§ WORK ORDER
Up to and including the line with "RAML stands for", repeat every line of the listing exactly, beginning at the first.

____________________

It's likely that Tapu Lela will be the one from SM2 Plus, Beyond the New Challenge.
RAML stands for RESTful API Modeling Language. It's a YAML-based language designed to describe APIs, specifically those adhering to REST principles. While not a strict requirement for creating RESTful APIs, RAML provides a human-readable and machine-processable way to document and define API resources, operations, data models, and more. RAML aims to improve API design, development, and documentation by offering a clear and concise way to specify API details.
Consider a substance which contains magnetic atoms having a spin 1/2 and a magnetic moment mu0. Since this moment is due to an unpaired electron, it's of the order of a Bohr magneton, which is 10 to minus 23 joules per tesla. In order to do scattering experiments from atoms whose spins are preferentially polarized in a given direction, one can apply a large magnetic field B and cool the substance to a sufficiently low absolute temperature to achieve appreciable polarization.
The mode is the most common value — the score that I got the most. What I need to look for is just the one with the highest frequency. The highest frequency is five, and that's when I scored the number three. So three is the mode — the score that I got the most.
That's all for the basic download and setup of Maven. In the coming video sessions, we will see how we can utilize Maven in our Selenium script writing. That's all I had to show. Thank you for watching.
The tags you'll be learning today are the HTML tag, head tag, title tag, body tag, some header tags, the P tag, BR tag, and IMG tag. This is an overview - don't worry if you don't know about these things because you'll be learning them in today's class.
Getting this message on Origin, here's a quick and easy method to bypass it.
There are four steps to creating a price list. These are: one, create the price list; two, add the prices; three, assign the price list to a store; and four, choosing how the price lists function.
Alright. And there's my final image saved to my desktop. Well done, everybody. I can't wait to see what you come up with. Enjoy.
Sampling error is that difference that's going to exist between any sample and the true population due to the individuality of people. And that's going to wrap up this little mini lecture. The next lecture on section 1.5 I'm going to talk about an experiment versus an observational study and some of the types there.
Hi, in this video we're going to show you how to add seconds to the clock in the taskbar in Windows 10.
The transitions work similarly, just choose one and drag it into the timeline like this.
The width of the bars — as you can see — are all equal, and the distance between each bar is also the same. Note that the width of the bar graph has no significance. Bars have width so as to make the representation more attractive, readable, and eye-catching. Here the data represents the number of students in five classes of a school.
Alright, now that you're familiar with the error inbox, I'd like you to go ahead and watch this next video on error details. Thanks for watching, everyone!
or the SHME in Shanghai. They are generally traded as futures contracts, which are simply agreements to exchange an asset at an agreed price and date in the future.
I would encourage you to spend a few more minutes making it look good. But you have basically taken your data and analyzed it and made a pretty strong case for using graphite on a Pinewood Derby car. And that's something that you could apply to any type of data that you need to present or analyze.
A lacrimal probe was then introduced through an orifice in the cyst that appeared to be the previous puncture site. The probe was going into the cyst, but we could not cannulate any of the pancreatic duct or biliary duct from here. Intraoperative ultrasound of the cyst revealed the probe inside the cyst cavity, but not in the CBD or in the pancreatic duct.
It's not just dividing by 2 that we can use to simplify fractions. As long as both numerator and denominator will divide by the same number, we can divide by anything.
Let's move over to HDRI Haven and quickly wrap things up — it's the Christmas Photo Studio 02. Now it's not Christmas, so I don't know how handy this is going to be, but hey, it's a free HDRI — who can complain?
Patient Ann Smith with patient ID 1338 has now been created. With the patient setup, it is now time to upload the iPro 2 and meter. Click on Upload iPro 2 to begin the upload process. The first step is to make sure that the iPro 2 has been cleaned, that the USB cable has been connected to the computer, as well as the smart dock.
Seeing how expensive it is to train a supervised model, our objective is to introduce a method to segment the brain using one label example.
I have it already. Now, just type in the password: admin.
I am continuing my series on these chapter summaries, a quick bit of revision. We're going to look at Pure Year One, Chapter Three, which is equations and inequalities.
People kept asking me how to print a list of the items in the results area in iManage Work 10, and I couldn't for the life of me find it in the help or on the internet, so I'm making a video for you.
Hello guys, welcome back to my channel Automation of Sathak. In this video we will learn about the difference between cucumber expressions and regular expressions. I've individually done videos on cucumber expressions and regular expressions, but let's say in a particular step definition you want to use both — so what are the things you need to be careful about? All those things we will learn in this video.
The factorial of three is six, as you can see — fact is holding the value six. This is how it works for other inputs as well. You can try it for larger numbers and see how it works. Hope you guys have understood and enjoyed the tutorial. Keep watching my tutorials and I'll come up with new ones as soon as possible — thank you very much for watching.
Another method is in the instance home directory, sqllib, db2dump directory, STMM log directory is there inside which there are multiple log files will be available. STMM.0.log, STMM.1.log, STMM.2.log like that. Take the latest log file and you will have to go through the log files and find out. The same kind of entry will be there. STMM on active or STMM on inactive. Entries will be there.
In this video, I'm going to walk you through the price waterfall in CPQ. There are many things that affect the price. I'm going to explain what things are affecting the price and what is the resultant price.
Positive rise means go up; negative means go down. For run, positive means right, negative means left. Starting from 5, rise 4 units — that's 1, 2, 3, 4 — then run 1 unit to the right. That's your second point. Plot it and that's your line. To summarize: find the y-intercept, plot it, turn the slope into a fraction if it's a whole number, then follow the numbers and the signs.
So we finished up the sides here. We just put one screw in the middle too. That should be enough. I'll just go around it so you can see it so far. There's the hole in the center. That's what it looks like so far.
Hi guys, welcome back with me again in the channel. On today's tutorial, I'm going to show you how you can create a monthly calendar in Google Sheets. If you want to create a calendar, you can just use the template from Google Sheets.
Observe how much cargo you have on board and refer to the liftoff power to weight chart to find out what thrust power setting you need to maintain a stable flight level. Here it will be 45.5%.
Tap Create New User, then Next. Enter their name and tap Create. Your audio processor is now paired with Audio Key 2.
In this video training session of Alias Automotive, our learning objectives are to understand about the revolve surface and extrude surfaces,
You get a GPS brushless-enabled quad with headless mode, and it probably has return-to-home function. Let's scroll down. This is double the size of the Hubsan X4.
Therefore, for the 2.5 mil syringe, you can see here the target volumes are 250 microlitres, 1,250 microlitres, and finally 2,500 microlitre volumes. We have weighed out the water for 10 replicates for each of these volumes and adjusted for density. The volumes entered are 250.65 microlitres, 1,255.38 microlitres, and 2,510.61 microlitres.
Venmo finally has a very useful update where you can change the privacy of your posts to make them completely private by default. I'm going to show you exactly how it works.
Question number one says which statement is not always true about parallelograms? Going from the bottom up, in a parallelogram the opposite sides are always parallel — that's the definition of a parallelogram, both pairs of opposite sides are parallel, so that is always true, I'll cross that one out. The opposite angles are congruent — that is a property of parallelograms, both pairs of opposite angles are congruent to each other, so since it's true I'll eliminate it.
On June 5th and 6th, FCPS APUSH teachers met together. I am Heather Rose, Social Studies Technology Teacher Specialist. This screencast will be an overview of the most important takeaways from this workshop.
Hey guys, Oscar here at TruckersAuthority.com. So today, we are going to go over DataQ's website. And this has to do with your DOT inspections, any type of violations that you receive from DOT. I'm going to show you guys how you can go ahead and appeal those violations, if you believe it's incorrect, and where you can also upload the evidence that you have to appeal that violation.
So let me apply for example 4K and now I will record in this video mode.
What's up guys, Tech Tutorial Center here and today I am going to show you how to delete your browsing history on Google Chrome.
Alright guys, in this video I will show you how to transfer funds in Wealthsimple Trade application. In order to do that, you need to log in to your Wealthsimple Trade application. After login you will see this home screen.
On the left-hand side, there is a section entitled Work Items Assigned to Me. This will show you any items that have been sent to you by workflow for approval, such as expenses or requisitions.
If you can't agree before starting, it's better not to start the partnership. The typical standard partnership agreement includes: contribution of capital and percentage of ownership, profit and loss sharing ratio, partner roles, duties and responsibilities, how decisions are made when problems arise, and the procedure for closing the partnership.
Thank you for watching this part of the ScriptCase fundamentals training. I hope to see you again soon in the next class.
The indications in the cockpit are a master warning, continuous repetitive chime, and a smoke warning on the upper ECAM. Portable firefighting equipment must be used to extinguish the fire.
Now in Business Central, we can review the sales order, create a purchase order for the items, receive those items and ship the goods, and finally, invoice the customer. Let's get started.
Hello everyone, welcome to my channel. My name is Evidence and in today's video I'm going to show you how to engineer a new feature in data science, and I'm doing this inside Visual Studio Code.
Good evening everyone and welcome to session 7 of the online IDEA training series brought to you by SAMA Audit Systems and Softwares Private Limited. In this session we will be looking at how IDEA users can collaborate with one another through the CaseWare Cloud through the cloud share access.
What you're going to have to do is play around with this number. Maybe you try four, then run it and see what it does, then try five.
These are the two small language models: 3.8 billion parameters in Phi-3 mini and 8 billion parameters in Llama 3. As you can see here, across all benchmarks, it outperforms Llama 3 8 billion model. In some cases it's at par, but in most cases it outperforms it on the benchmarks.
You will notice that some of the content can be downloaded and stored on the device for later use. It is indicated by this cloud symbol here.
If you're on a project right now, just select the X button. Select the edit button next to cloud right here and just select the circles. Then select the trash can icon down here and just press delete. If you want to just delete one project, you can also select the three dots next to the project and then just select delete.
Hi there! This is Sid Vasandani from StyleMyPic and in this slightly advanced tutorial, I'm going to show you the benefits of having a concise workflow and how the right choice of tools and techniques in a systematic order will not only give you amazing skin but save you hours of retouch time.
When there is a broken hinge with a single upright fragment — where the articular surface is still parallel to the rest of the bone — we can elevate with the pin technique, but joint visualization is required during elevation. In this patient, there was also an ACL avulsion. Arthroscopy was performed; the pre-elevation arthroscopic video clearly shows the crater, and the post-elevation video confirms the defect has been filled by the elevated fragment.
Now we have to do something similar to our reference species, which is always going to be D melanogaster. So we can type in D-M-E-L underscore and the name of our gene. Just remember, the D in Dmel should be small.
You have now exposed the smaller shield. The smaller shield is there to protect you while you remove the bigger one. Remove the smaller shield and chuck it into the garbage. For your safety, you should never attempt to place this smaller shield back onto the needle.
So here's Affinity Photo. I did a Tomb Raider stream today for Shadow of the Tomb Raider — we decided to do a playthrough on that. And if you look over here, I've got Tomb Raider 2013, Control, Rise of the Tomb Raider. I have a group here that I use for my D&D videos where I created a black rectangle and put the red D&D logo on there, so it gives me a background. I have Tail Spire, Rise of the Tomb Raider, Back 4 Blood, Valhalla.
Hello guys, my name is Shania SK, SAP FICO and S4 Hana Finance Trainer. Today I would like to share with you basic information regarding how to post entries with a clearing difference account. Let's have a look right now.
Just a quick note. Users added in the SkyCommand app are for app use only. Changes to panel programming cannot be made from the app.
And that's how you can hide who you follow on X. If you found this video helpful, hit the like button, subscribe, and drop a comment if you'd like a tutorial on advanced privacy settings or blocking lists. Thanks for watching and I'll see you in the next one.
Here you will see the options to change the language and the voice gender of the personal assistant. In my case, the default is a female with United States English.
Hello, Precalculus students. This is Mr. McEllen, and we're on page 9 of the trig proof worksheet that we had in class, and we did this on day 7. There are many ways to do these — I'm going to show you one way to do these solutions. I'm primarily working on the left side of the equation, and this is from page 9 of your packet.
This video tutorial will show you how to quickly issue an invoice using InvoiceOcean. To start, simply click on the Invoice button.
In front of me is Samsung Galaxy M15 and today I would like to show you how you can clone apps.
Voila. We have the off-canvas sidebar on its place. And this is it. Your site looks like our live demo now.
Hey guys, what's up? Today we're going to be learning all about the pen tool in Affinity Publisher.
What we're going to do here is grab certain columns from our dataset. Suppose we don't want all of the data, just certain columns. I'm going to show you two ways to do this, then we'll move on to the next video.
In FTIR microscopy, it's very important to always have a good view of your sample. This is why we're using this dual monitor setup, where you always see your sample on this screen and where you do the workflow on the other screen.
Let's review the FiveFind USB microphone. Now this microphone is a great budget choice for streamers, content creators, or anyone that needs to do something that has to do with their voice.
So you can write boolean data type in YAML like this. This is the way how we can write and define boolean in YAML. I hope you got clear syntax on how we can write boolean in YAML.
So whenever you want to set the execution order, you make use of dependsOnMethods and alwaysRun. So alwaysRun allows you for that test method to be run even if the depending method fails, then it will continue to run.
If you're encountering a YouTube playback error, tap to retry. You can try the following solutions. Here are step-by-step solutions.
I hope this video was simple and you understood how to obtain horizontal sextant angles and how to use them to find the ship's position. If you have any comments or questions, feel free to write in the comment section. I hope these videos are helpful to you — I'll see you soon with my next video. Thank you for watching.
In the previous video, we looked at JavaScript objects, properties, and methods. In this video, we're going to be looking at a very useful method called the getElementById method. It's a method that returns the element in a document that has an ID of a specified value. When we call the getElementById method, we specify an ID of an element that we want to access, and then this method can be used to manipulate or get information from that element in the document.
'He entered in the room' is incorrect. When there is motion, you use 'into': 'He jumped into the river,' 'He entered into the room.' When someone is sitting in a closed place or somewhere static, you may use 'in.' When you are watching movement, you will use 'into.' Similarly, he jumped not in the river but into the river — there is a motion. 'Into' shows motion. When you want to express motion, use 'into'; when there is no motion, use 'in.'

____________________

§ SOLUTION
It's likely that Tapu Lela will be the one from SM2 Plus, Beyond the New Challenge.
RAML stands for RESTful API Modeling Language. It's a YAML-based language designed to describe APIs, specifically those adhering to REST principles. While not a strict requirement for creating RESTful APIs, RAML provides a human-readable and machine-processable way to document and define API resources, operations, data models, and more. RAML aims to improve API design, development, and documentation by offering a clear and concise way to specify API details.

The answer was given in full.